Washington Report on Middle East Affairs, March 1998, Page
19
Pro-Israel McCarthyism
In the U.S. Even Staunchly Pro-Israel Jews Dare Not
Criticize Israeli Prime Minister Binyamin Netanyahu
By Rachelle Marshall
As the peace process deteriorates and Binyamin Netanyahu
struggles to preserve his increasingly hard-line coalition, Jews
in the U.S. who are among Israel's most loyal supporters are coming
increasingly under siege for openly criticizing the Israeli government.
The editor of the Wisconsin Jewish Chronicle was forced to
resign in December after 14 years on the paper because in an editorial
he had called Netanyahu the "most incompetent" prime minister
in Israel's history and urged him to step down.
Readers responded with praise as well as anger but
a week later the Milwaukee Jewish Federation, which owns the Chronicle,
published a full-page statement disavowing the editorial. "Federations
are dependent on their contributors," one official explained,
"and when you work for the Federation in any capacity you are
vulnerable."
In December the president of the San Francisco Jewish
Federation, Alan Rothenberg, sent a letter to top contributors saying
that the Federation "does not fund the Israeli government"

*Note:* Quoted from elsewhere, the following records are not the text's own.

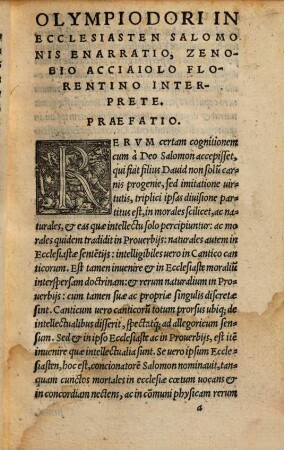 Olympiodori Doctissima In Ecclesiast. scholia : noua et latinis auribus insueta tralatione inserta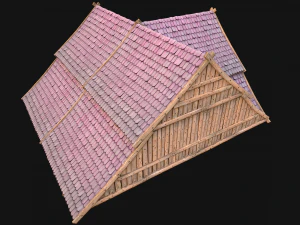Medieval Tiled Roof for House 3D Model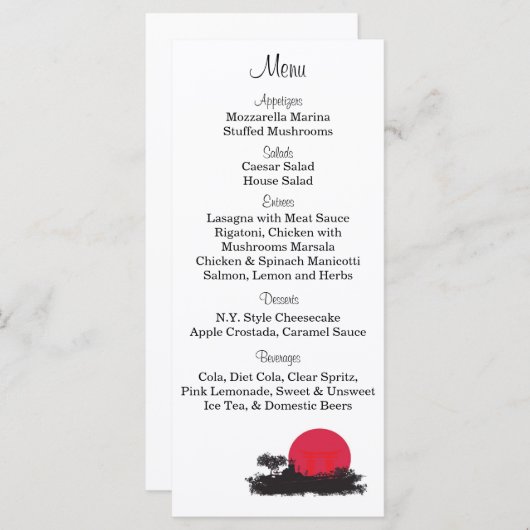 25 Japans Rising Sun Bruiloft Menu Labels (Voorkant / Achterkant)
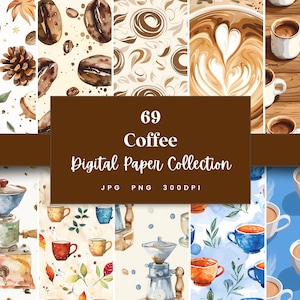 69 Coffee nahtloses digitales Papier, perfekt für Texturen Hintergründe & Muster, Sofort-Download (JPG, PNG), mit kommerzieller Nutzung
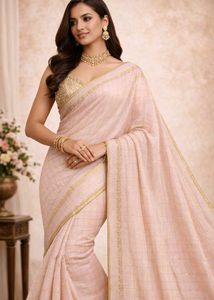 Elegant Pink Saree with Gold Stripes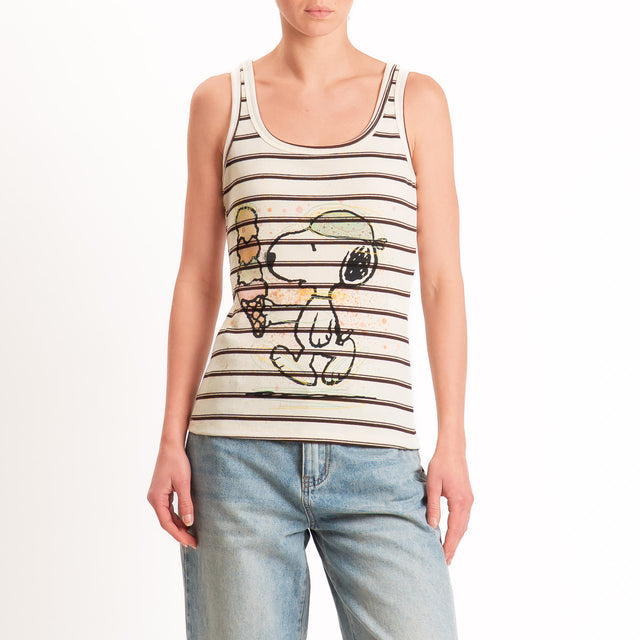Souvenir-Top Snoopy a righe - burro/moro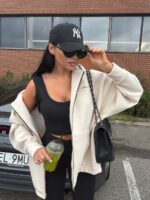 Bluza na zamek LaMilla w waniliowym kolorze z kapturem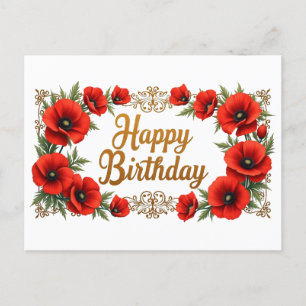 Carte Postale Joyeux anniversaire Fleurs de pavot rouge
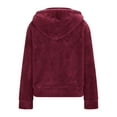 thumbnail image 6 of Enjoytime Winter Jackets for Women Solid Color Long Sleeve Hooded Zip Up Coat Fall Warm Casual Outerwear with Pockets, 6 of 7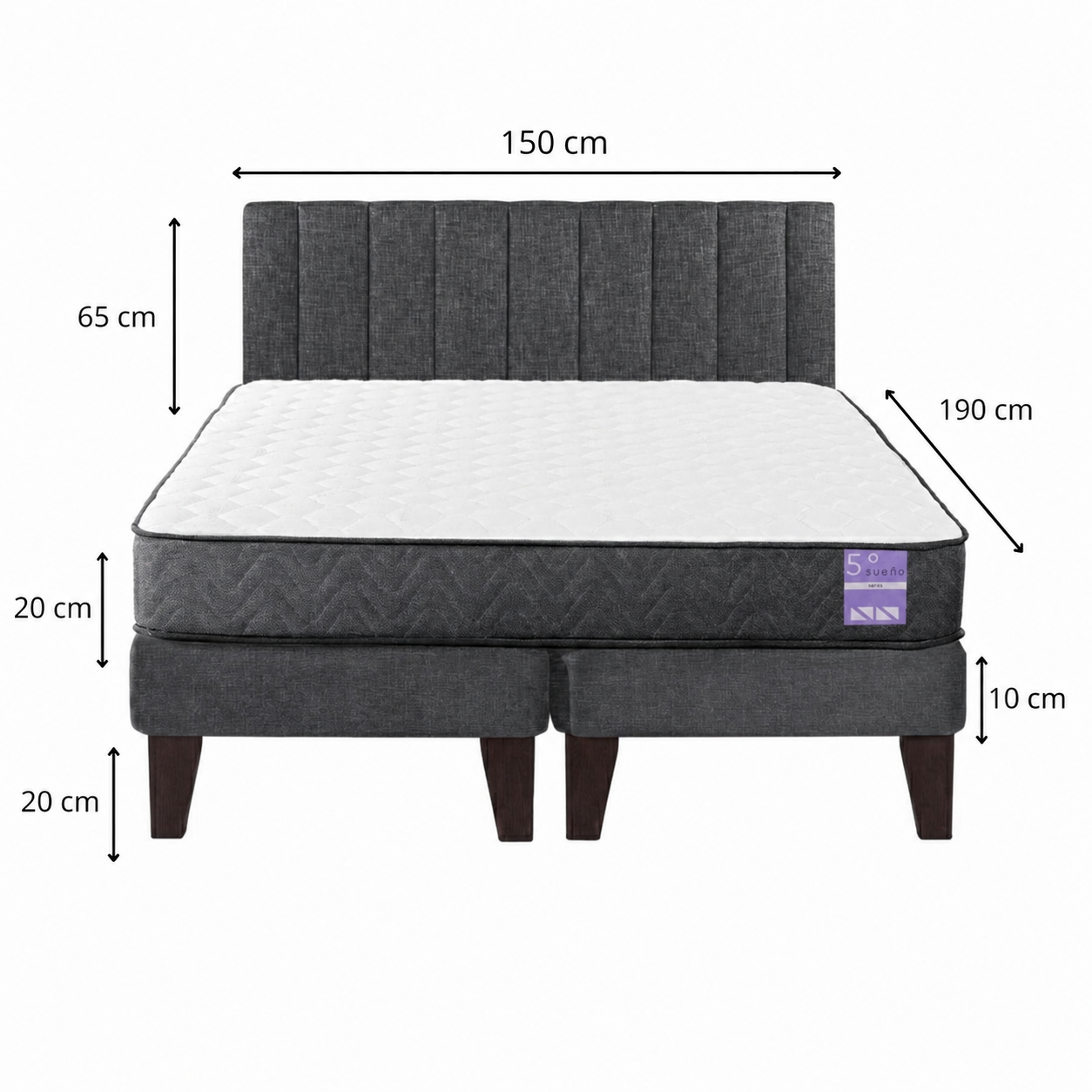 Cama Europea 2 Plazas Colchón Aura + Respaldo Tubula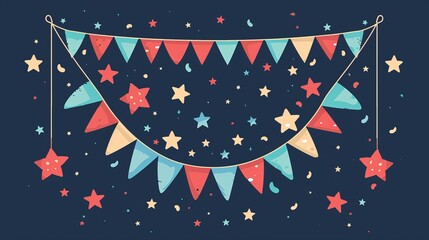 Obraz premium 4th of July independence day Vector illustration with the celebration greeting USA flag waving ribbon bunting decoration famous landmarks balloons flag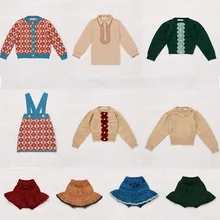 Misha and Puff/Детские винтажные вязаные свитера для девочек красивые детские зимние топы для маленьких девочек, модные свитера и юбки Misha Puff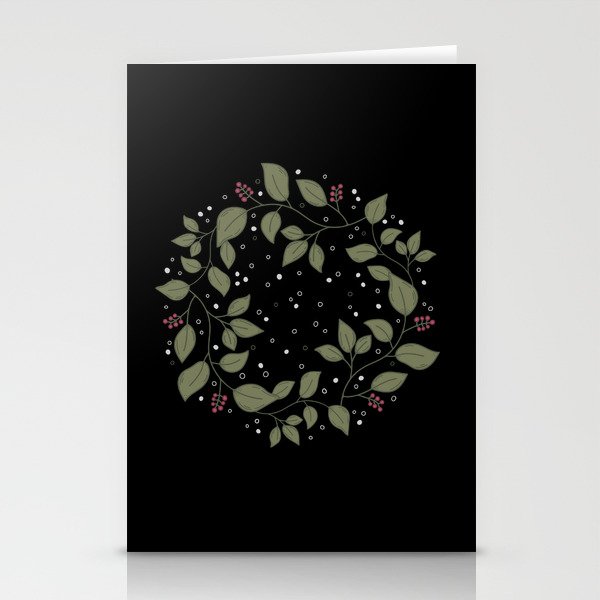 Leafy berry branches pattern with white dots in black background Stationery Cards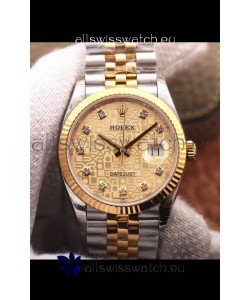 Rolex Datejust 36MM Cal.3135 Movement Swiss Replica Watch in 904L Steel Two Tone Casing Computer Dial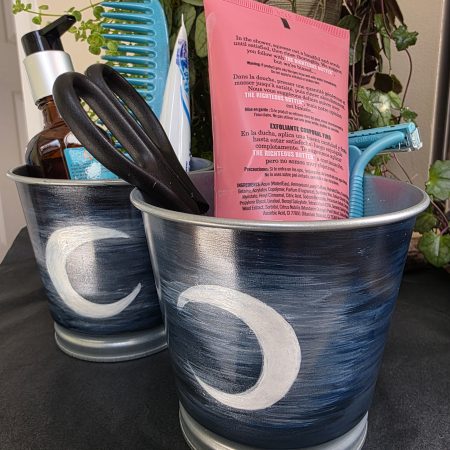 Hand painted 10cm Metal Pots
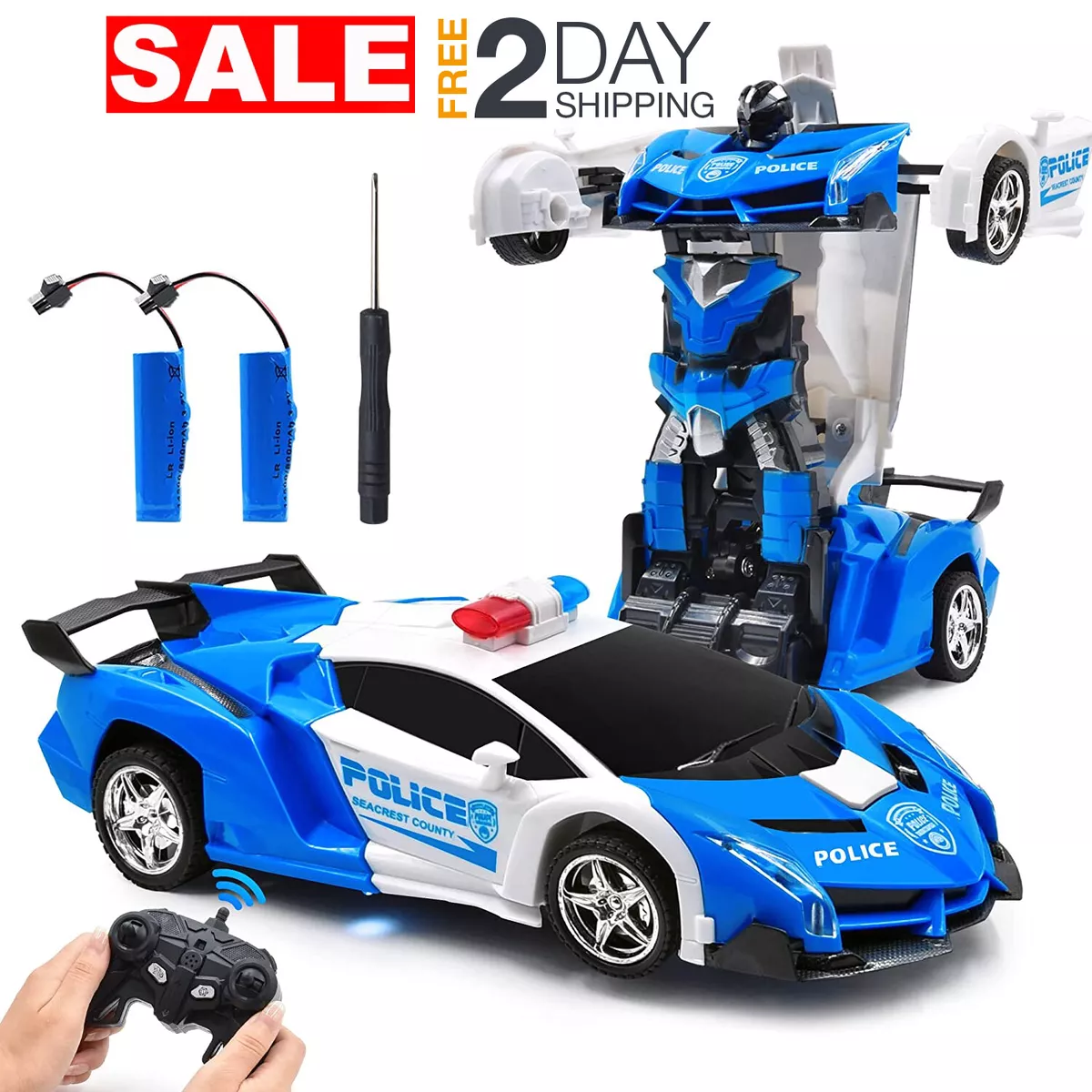 Percibir derrocamiento Recepción Carros A Control Remoto RC 1:18 Robot Policia De Transformer Juguetes Para  Niños | eBay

but directly aids the people of Israel. The letter was meant to
appease the concerns of donors who were displeased with the Netanyahu
administration, but instead it aroused a storm of protest.
Angry letters appeared in the Northern California
Jewish Bulletin, and a group of Holocaust survivors, their relatives,
and friends took out a full-page ad in the Bulletin attacking
Federation officials for being "cavalier in their support of
Israel." Rothenberg and other Federation officials immediately
apologized for what they claimed was "miscommunication"
and "confusion." In a letter to the 120 people who signed
the ad Rothenberg reiterated the Federation's "rock solid support
for Israel," referring to the Jewish state as "our homeland."
The venerable Smithsonian Institution recently found
itself embroiled in controversy when it asked the New Israel Fund
to co-sponsor a lecture series next May commemorating Israel's 50th
anniversary. The series was to include respected New York Times
columnist Thomas Friedman, several Israeli professors, an Orthodox
rabbi, two conservative Likud members, and an Arab member of the
Knesset.
After the list was announced a small but well-financed
group called Americans for a Safe Israel charged that it was biased
against Israel and likened the speakers to Louis Farrakhan and David
Duke. Publisher Rupert Murdoch and Republican New York Congressman
Michael Forbes joined in the outcry, declaring that the lecture
series was aimed at "the propagation of blatantly anti-lsrael
falsehoods." Since Forbes is a member of the House Appropriations
Committee, which controls funding for the Smithsonian, its director
Ira Heyman quickly backed down, canceling the proposed series and
ending the institution's partnership with the New Israel Fund.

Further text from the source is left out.